Lesley Wood: Uh, no, we did. Well, I trusted it. Um. Yeah. And. And it’s funny because I was getting it through kind of anarchist networks and it was, it felt like it was a marginal enough– Like you could tell the kind of the shitposters, you know, you didn’t necessarily believe what they were saying, but if it was somebody who had a certain amount of legitimacy on a listserv, then you from an accumulation, and they were passing it on, then you trusted it. So there’s still some, you know, reputational stuff that happened there. Um. I’m sure having it come through the postal workers also gave it some legitimacy in the Canadian context. I think back and this is a little look back, so I was, I think I said earlier that I was at, in the UK in 93 and 94, and I went to a meeting that was the Counter Infos Conference.

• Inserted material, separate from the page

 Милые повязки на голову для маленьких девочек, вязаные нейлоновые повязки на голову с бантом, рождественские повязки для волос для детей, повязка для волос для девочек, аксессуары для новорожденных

So there were these spaces called infoshops, and these were physical storefronts usually where people would distribute zines and had events, political events, but also artistic events. And you’d go and get information. The ones in Europe were often in squats and they had so they had this conference in 93 I guess. I went to the one in London and there was a meeting there of people who were setting up Internet networks. And I, the bar was pretty low, but you needed to know, I had an email account, so I went to this thing and they were talking. It was the real glory days of freedom of information on the Internet. This was a totally non corporate space, this space where you could communicate even if you had no money. And so I think that’s partly why there was such trust in a way, is it was like a space that it was like you only participated if you really wanted to be participating and communicating. We had no idea what was going to happen. But those spaces were very much tied to the emergence of PGA counter infos. I’m even curious. I think it still exists, but maybe not. Let’s look it up.
Leen Amarin: That’s really, really interesting.

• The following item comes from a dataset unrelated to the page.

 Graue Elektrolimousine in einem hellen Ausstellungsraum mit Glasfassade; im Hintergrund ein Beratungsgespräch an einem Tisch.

Leen Amarin: I feel like that even in itself would be really interesting to kind of interrogate a little bit further and see how these particular networks worked together to make something like the PGA even possible.
Lesley Wood: Yeah. Yeah.
Leen Amarin: Like little tiny little bits that had to come together for it to be.
Lesley Wood: Yeah. And like, I think that that story is a little hidden because people don’t want to. I don’t know, I don’t know why, but people want to talk about it as authentic or something, you know, amongst people and not necessarily tied to Internet stuff. But yeah, there’s a romantic idea that I have because I haven’t heard many people talk too much about the tech side of it. But of course.

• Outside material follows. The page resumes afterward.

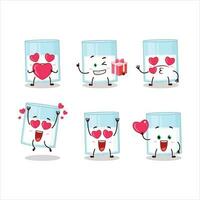 Glass of milk cartoon character with love cute emoticon vector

Leen Amarin: I mean, it’s gotta, it definitely made a big difference if it’s, it allowed you to connect in ways that maybe were not possible before that. Right?
Lesley Wood: Yeah, and I mean to a certain extent. So Brian is building our website and he’s part of, he was one of the founders of Tao, TAO.ca. And there’s that wave. So there’s riseup.net. There’s all of these early Internet providers that were at – Mayday, that’s a little bit later. Um. That were creating an infrastructure of non-commercial, free. There were freenets in different cities that helped to connect.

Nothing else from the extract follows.